[Records for the task]:
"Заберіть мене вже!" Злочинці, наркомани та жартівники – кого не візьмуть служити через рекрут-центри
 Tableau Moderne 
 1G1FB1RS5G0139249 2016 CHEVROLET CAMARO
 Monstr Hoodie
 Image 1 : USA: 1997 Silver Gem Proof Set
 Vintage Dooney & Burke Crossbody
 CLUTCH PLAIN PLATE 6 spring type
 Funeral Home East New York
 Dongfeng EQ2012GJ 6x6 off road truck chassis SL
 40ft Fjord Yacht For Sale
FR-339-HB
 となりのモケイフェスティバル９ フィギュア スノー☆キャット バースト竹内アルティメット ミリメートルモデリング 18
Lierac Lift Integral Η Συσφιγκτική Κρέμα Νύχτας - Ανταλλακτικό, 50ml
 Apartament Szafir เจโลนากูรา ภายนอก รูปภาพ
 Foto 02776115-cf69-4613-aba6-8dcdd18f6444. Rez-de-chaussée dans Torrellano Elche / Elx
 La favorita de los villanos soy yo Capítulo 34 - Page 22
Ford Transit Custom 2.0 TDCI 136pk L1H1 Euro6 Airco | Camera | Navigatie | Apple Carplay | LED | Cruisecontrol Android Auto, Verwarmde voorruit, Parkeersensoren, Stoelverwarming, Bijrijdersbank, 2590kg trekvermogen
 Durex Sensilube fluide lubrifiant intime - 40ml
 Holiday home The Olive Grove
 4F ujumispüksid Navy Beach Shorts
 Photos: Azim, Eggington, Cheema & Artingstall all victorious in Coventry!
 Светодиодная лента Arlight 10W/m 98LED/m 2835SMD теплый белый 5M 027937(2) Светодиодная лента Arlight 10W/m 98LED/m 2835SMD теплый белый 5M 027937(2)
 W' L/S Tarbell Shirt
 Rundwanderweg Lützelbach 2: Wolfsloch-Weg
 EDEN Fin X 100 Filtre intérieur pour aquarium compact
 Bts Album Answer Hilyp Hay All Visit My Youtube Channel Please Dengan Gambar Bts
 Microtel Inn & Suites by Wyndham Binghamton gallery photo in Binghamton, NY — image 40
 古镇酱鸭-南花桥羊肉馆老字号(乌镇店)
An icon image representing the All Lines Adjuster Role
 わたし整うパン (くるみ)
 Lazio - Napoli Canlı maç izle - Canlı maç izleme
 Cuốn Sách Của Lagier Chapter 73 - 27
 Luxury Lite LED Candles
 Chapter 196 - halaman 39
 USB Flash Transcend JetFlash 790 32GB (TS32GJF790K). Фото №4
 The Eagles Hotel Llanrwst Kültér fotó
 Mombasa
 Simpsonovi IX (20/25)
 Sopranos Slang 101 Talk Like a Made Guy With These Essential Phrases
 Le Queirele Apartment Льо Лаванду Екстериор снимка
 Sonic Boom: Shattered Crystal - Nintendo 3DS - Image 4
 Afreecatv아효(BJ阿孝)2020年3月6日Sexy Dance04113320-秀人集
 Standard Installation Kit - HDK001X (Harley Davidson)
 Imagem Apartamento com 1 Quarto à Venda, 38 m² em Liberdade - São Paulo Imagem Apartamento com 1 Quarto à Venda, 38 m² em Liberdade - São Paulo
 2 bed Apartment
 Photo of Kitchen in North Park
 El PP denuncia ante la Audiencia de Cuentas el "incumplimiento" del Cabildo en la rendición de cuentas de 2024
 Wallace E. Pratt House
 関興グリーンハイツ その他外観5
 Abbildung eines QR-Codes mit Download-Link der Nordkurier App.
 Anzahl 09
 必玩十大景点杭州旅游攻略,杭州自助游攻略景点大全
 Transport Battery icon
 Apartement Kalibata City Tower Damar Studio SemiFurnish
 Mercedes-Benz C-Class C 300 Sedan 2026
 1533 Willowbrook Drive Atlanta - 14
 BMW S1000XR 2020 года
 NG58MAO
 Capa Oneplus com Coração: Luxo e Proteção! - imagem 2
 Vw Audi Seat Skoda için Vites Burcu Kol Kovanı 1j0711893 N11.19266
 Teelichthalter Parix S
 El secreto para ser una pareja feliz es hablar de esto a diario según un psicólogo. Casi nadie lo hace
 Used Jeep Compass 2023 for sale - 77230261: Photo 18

[What this task involves]:
Once more, write out the records above, exactly as they stand.

[Solution for this problem]:
"Заберіть мене вже!" Злочинці, наркомани та жартівники – кого не візьмуть служити через рекрут-центри
 Tableau Moderne 
 1G1FB1RS5G0139249 2016 CHEVROLET CAMARO
 Monstr Hoodie
 Image 1 : USA: 1997 Silver Gem Proof Set
 Vintage Dooney & Burke Crossbody
 CLUTCH PLAIN PLATE 6 spring type
 Funeral Home East New York
 Dongfeng EQ2012GJ 6x6 off road truck chassis SL
 40ft Fjord Yacht For Sale
FR-339-HB
 となりのモケイフェスティバル９ フィギュア スノー☆キャット バースト竹内アルティメット ミリメートルモデリング 18
Lierac Lift Integral Η Συσφιγκτική Κρέμα Νύχτας - Ανταλλακτικό, 50ml
 Apartament Szafir เจโลนากูรา ภายนอก รูปภาพ
 Foto 02776115-cf69-4613-aba6-8dcdd18f6444. Rez-de-chaussée dans Torrellano Elche / Elx
 La favorita de los villanos soy yo Capítulo 34 - Page 22
Ford Transit Custom 2.0 TDCI 136pk L1H1 Euro6 Airco | Camera | Navigatie | Apple Carplay | LED | Cruisecontrol Android Auto, Verwarmde voorruit, Parkeersensoren, Stoelverwarming, Bijrijdersbank, 2590kg trekvermogen
 Durex Sensilube fluide lubrifiant intime - 40ml
 Holiday home The Olive Grove
 4F ujumispüksid Navy Beach Shorts
 Photos: Azim, Eggington, Cheema & Artingstall all victorious in Coventry!
 Светодиодная лента Arlight 10W/m 98LED/m 2835SMD теплый белый 5M 027937(2) Светодиодная лента Arlight 10W/m 98LED/m 2835SMD теплый белый 5M 027937(2)
 W' L/S Tarbell Shirt
 Rundwanderweg Lützelbach 2: Wolfsloch-Weg
 EDEN Fin X 100 Filtre intérieur pour aquarium compact
 Bts Album Answer Hilyp Hay All Visit My Youtube Channel Please Dengan Gambar Bts
 Microtel Inn & Suites by Wyndham Binghamton gallery photo in Binghamton, NY — image 40
 古镇酱鸭-南花桥羊肉馆老字号(乌镇店)
An icon image representing the All Lines Adjuster Role
 わたし整うパン (くるみ)
 Lazio - Napoli Canlı maç izle - Canlı maç izleme
 Cuốn Sách Của Lagier Chapter 73 - 27
 Luxury Lite LED Candles
 Chapter 196 - halaman 39
 USB Flash Transcend JetFlash 790 32GB (TS32GJF790K). Фото №4
 The Eagles Hotel Llanrwst Kültér fotó
 Mombasa
 Simpsonovi IX (20/25)
 Sopranos Slang 101 Talk Like a Made Guy With These Essential Phrases
 Le Queirele Apartment Льо Лаванду Екстериор снимка
 Sonic Boom: Shattered Crystal - Nintendo 3DS - Image 4
 Afreecatv아효(BJ阿孝)2020年3月6日Sexy Dance04113320-秀人集
 Standard Installation Kit - HDK001X (Harley Davidson)
 Imagem Apartamento com 1 Quarto à Venda, 38 m² em Liberdade - São Paulo Imagem Apartamento com 1 Quarto à Venda, 38 m² em Liberdade - São Paulo
 2 bed Apartment
 Photo of Kitchen in North Park
 El PP denuncia ante la Audiencia de Cuentas el "incumplimiento" del Cabildo en la rendición de cuentas de 2024
 Wallace E. Pratt House
 関興グリーンハイツ その他外観5
 Abbildung eines QR-Codes mit Download-Link der Nordkurier App.
 Anzahl 09
 必玩十大景点杭州旅游攻略,杭州自助游攻略景点大全
 Transport Battery icon
 Apartement Kalibata City Tower Damar Studio SemiFurnish
 Mercedes-Benz C-Class C 300 Sedan 2026
 1533 Willowbrook Drive Atlanta - 14
 BMW S1000XR 2020 года
 NG58MAO
 Capa Oneplus com Coração: Luxo e Proteção! - imagem 2
 Vw Audi Seat Skoda için Vites Burcu Kol Kovanı 1j0711893 N11.19266
 Teelichthalter Parix S
 El secreto para ser una pareja feliz es hablar de esto a diario según un psicólogo. Casi nadie lo hace
 Used Jeep Compass 2023 for sale - 77230261: Photo 18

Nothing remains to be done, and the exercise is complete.